Accuracy of epidemiological inferences based on publicly available information: retrospective comparative analysis of line lists of human cases infected with influenza A(H7N9) in China
- Equal contributors
1 School of Public Health, Li Ka Shing Faculty of Medicine, The University of Hong Kong, Hong Kong, Special Administrative Region, China
2 Division of Infectious Disease, Key Laboratory of Surveillance and Early-warning on Infectious Disease, Chinese Center for Disease Control and Prevention, Beijing, China
3 Network Dynamics and Simulation Science Laboratory, Virginia Bioinformatics Institute, Virginia Tech, Blacksburg, VA, USA
4 Informatics Program, Boston Children’s Hospital, Boston, MA, USA
5 Department of Pediatrics, Harvard Medical School, Boston, MA, USA
6 FluTrackers International Charity, Florida 32789, USA
BMC Medicine 2014, 12:88 doi:10.1186/1741-7015-12-88Published: 28 May 2014
Appropriate public health responses to infectious disease threats should be based on best-available evidence, which requires timely reliable data for appropriate analysis. During the early stages of epidemics, analysis of ‘line lists’ with detailed information on laboratory-confirmed cases can provide important insights into the epidemiology of a specific disease. The objective of the present study was to investigate the extent to which reliable epidemiologic inferences could be made from publicly-available epidemiologic data of human infection with influenza A(H7N9) virus.
We collated and compared six different line lists of laboratory-confirmed human cases of influenza A(H7N9) virus infection in the 2013 outbreak in China, including the official line list constructed by the Chinese Center for Disease Control and Prevention plus five other line lists by HealthMap, Virginia Tech, Bloomberg News, the University of Hong Kong and FluTrackers, based on publicly-available information.

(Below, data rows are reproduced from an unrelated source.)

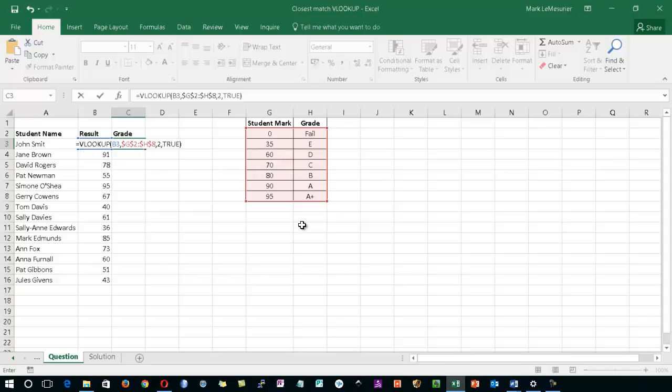Now in this case for this type of VLOOKUP, I don't actually need that last argument. I can omit it completely. So end the function after I've typed in the 2. However, if you do put a TRUE in, it just indicates to other people who are looking at your VLOOKUP that this is what you intended to do.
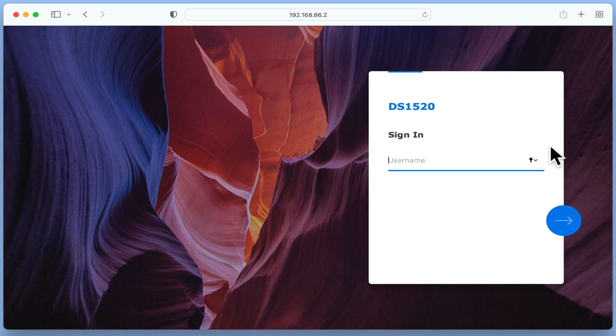In the next video in this series, we're going to start to configure our new NAS by taking a look at something called File Services.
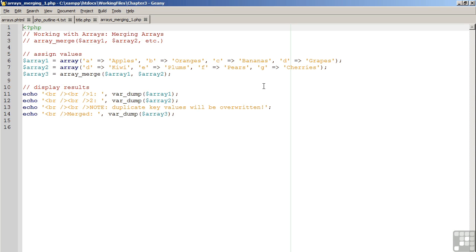In this example, the key for the letter D represents a conflict. What happens in the case of ArrayMerge is that the second array value will overwrite the first array value only where the keys conflict. Otherwise, the keys will be merged together.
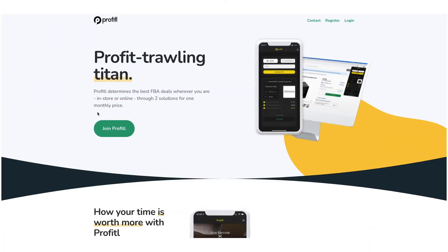Welcome to Profitool. In this video I'll be walking you through Profitool and showing you how the latest version of the platform works. Profitool has five parts to it which I'll be running you through today: Profitool web, the Profitool Chrome extension, the Profitool mobile apps, Profitool deal sheets, and then our Discord community.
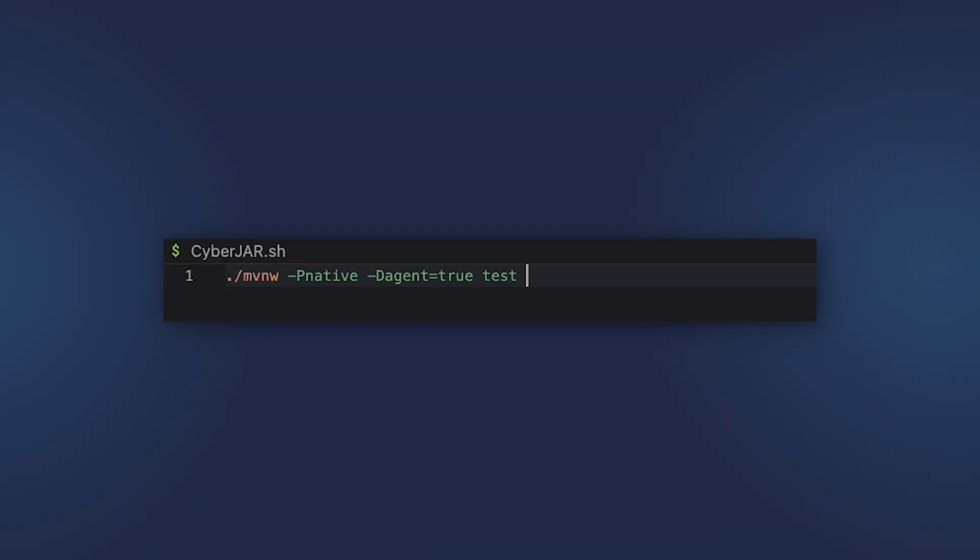Another way of running tracing agent is to launch the tests with the tracing agent enabled. So maven -Pnative -Dagent=true test. And then, the metadata will be collected while the tests run.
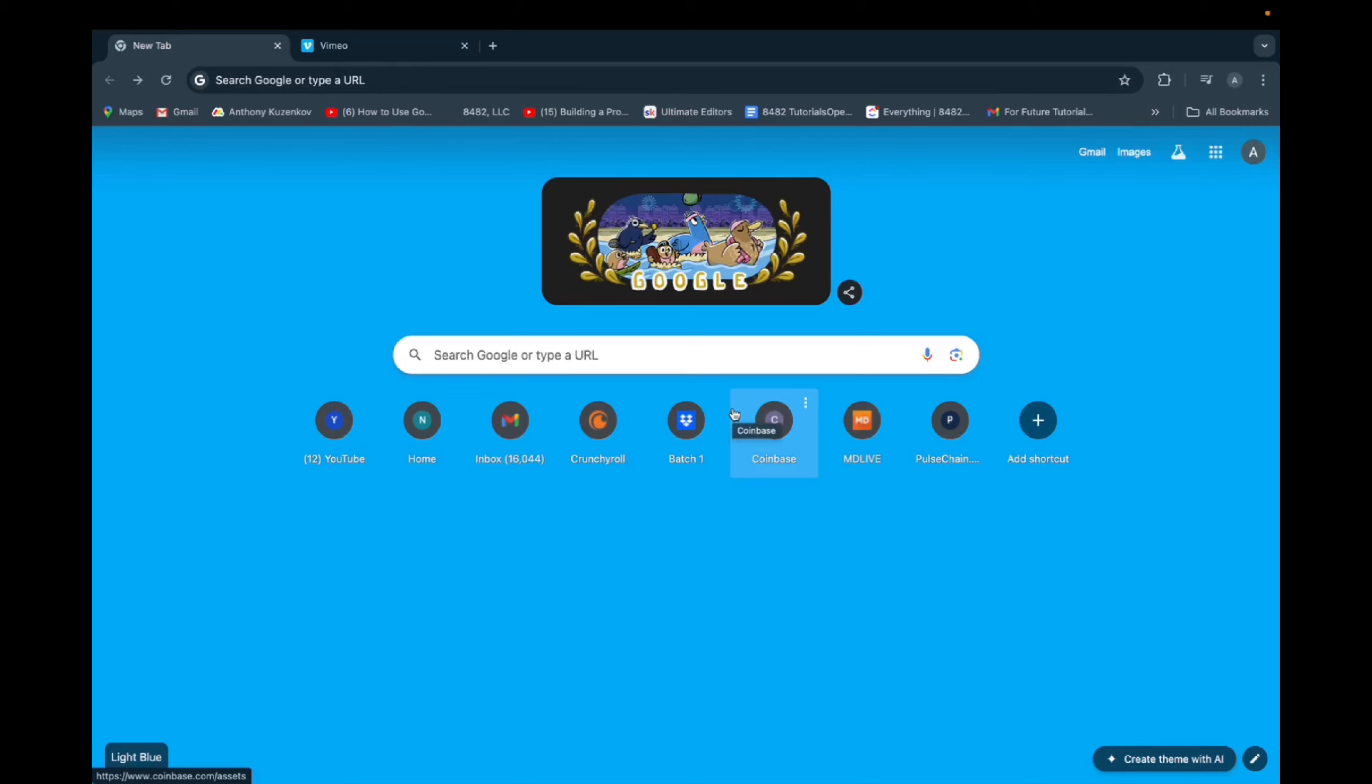Welcome back to 8482 Media. Today, I'm just going to quickly show you guys how to access Google Docs via your URL.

We characterized clinical severity and transmissibility of the outbreak, using line lists available at specific dates to estimate epidemiologic parameters, to replicate real-time inferences on the hospitalization fatality risk, and the impact of live poultry market closure.

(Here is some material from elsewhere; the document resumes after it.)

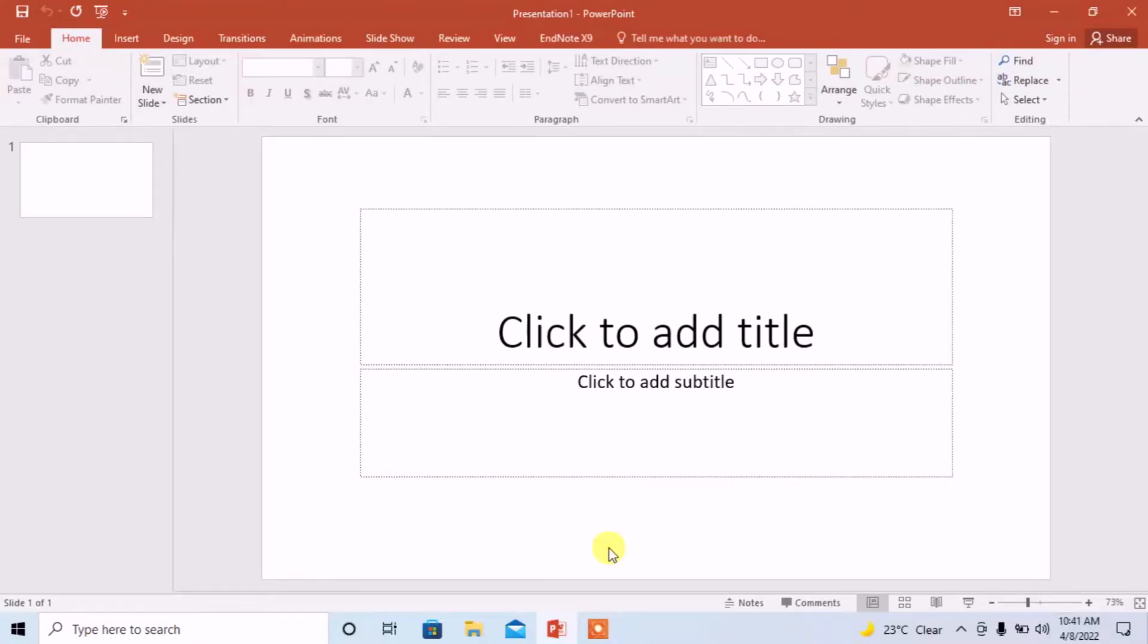Hello friends, this is Femi from your very own channel FemiHow. In this very short tutorial, you are going to learn how to add a new slide in Microsoft PowerPoint. It is very simple.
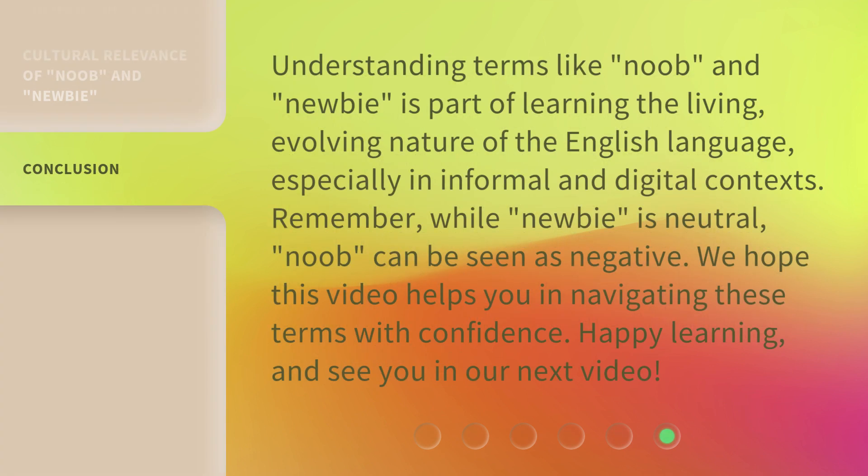Understanding terms like Noob and Newbie is part of learning the living, evolving nature of the English language, especially in informal and digital contexts. Remember, while Newbie is neutral, Noob can be seen as negative. We hope this video helps you in navigating these terms with confidence. Happy learning, and see you in our next video.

Demographic information was mostly complete (less than 10% missing for all variables) in different line lists, but there were more missing data on dates of hospitalization, discharge and health status (more than 10% missing for each variable). The estimated onset to hospitalization distributions were similar (median ranged from 4.6 to 5.6 days) for all line lists. Hospital fatality risk was consistently around 20% in the early phase of the epidemic for all line lists and approached the final estimate of 35% afterwards for the official line list only. Most of the line lists estimated >90% reduction in incidence rates after live poultry market closures in Shanghai, Nanjing and Hangzhou.
We demonstrated that analysis of publicly-available data on H7N9 permitted reliable assessment of transmissibility and geographical dispersion, while assessment of clinical severity was less straightforward. Our results highlight the potential value in constructing a minimum dataset with standardized format and definition, and regular updates of patient status. Such an approach could be particularly useful for diseases that spread across multiple countries.